Chidinma Ekile (born 2 May 1991), known professionally as Chidinma, is a Nigerian singer, songwriter, and actress. A native of Imo State, Chidinma was born in Ketu, Kosofe, Lagos State. In 2010, she gained prominence after winning the third season of Project Fame West Africa. Following the release of the music video for her "Emi Ni Baller" single, she became the first female musician to peak at number 1 on the MTV Base Official Naija Top 10 chart. In 2011, she released the Sound Sultan-assisted single "Jankoliko". Her eponymous debut album Chidinma was released through the music platform Spinlet; it was supported by the singles "Jankoliko", "Carry You Go", "Kedike" and "Run Dia Mouth". Chidinma won Best Female West African Act at the 2012 Kora Awards and performed "Kedike" at the ceremony. 

In May 2021, Chidinma revealed on Instagram that she made a transition to gospel music and is now engage in Christian ministry. She released her first gospel single, titled "Jehovah Overdo", that same month. On 20 August 2021, Chidinma released her debut extended play New Season. Inspired by the Holy Spirit, the EP was produced entirely by EeZee Tee and comprises seven tracks. Chidinma's second studio album Psalm 16 was released on 14 October 2022. It features collaborations with KS Bloom, Indira, and Buchi.

Career

1991–2010: Early life, educational pursuits, Project Fame, and public image
A native of Imo State, Chidinma Ekile was born on 2 May 1991, in Ketu, Kosofe, Lagos State. She is the sixth of seven children. Chidinma grew up with a disciplinarian father and began singing at the age of six. When she was 10 years old, she joined her church's choir. Chidinma attended primary and secondary school in Ketu before relocating to Ikorodu with her family. She worked as a business promoter in Lagos prior to auditioning for the third season of Project Fame West Africa. She wanted to study mass communication but ended up attaining a sociology degree from the University of Lagos. Chidinma initially declined her admission to the University of Lagos due to her advancement in Project Fame West Africa. In an interview with YNaija, she said she has always taken school seriously and that her decision to enroll at Unilag was inevitable. She also said music wasn't always on her agenda, but decided to give it a try after winning Project Fame. After dying her hair red and getting a mohawk, people started perceiving her as a good girl gone bad. In an interview posted on the Daily Independent website, she said she is still the same person and is evolving and growing as a musician.

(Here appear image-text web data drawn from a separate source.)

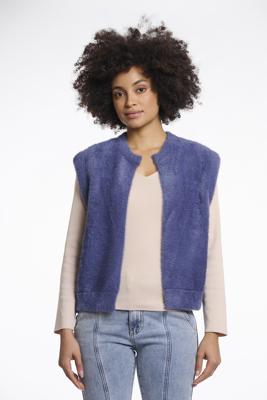 Rino & Pelle Elona.5002511 Short Waistcoat Gilets 10922 Blue Shadow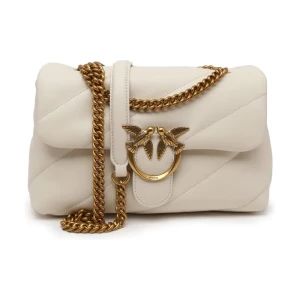 Pinko Skórzana torebka na ramię LOVE CLASSIC PUFF
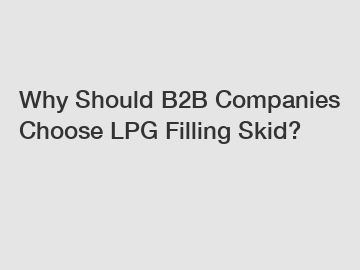 Why Should B2B Companies Choose LPG Filling Skid?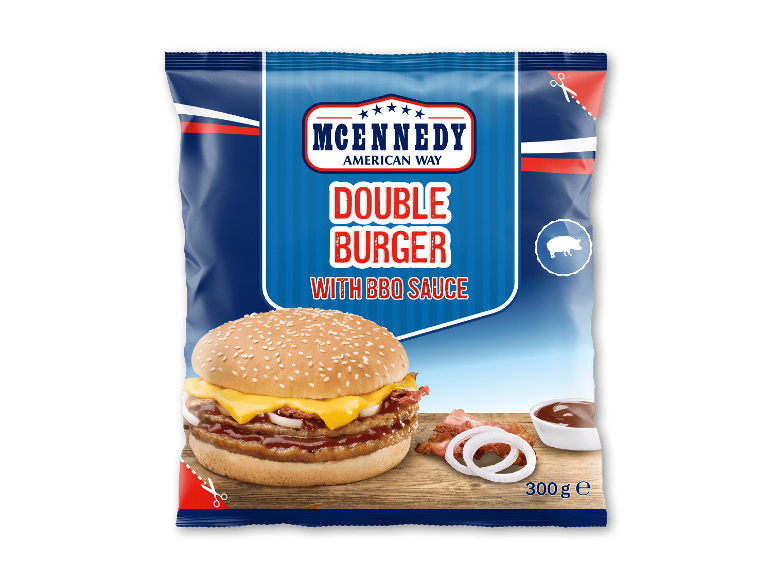 McEnnedy Double Burger med BBQ-sauce, 300g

Prior to auditioning for the third edition of Project Fame West Africa, Chidinma dreamt of being part of the reality television show. With the help and support from her close knit friend, she left her home in Ikorodu and went to Ultima Studios. She was among the eight thousand contestants that went that year to showcase their talents. Subsequently, Chidinma joined 17 other contestants in the Fame Academy round. For 10 weeks, she and the other contestants were coached by musical professionals: voice coaches, inspirational speakers, established musicians, and music business service providers. Moreover, contestants were taught choreography and several rehearsal drills. Chidinma was announced as the competition's winner on 26 September 2010. She won a number of prizes, including ₦2.5 million, a 2011 Toyota RAV4, and a production deal.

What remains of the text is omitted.